Flickr hitting five billion photos is interesting for a couple of reasons.
The first is that I’m sure not everyone on Flickr has organized their pictures which means a lot of unorganized, untagged photos. Sure you can tag them, but most folks aren’t interested in spending a lot of time telling the computer what’s in the photo, they’re more interested in sharing. I would like my tags to align to sets but hey, I’m a bit obsessive about organizing things. (I also just realized that they dropped the 3 sets maximum for a standard account)
It also means that digital photography has replaced the shoebox full of physical photos. Yes, not a new thing, but the volume of photos being taken, captured and uploaded to not only Flickr, but Tumblr, Facebook, Photobucket (despite their pisspoor terms of service and inconsistent management of “violations” which can’t be explained) and elsewhere are at least double that. The search engine that can manage that information across multiple sharing sites and does it intelligently (no, Google isn’t doing that right now) will be a big player.

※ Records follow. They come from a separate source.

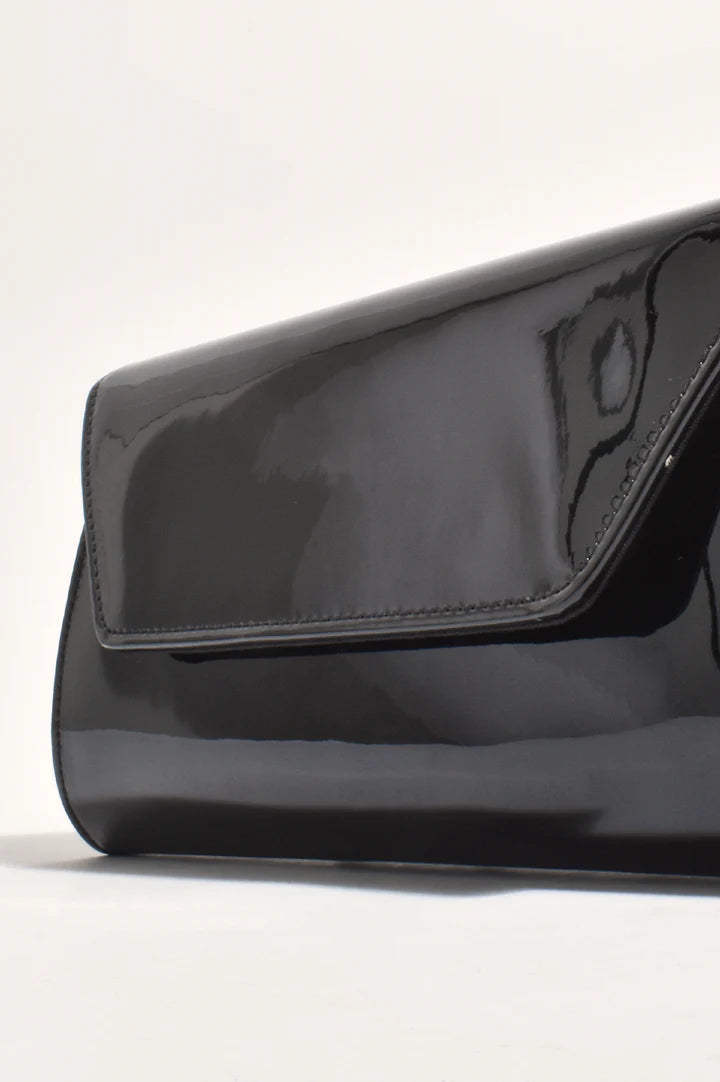 Suzie Gloss Fold Over Clutch - Black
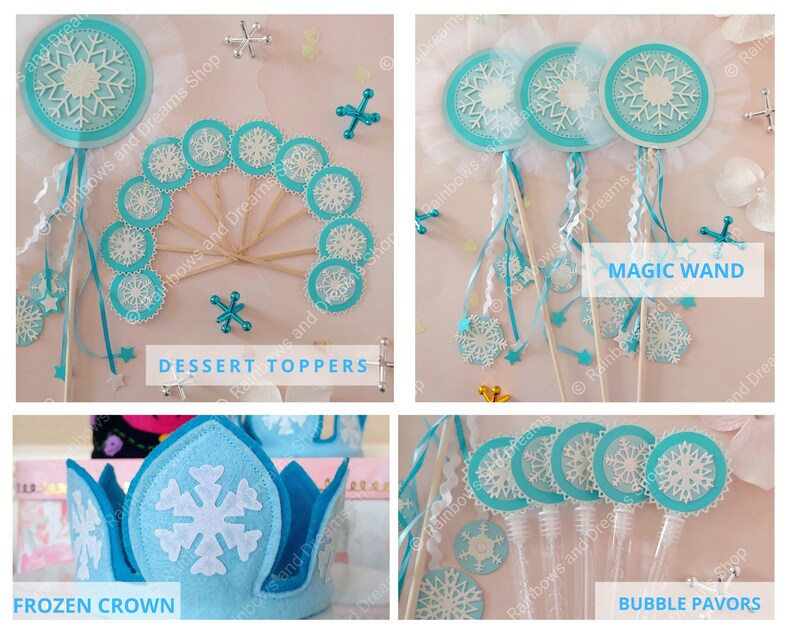 May include: Frozen-themed party supplies including a blue felt crown with a snowflake design, blue and white snowflake dessert toppers, blue and white snowflake magic wands, and blue and white snowflake bubble wands.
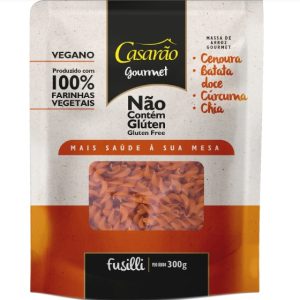 Macarrão zero glúten gourmet - fusilli - cenoura, batata doce, cúrcuma e chia - casarão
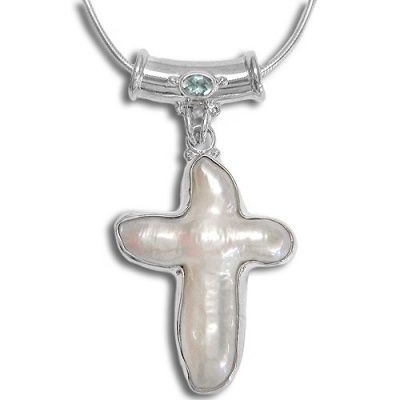 Freshwater Cultured Pearl Cross Pendant with Apatite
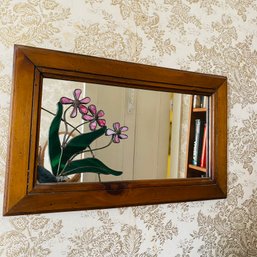 Small Wooden Wall Mirror With Stained-Glass Flowers (Spare Room)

Another big piece of the puzzle that interests me the most is whether or not people are getting better at taking photos. If one could look at the 3000 photos a minute that are uploaded, I suspect that we’d see that a lot of people have gotten better at taking photographs. Maybe some have taken courses, or actively sought out instruction (online or in person) how to take better pictures, but most have just gotten better because they’ve done it more or received some feedback on a picture that people liked and did more of that (whatever that is). I guess the five trillion words that the five billion photos are worth would make for some decent instruction on how to take a good photo.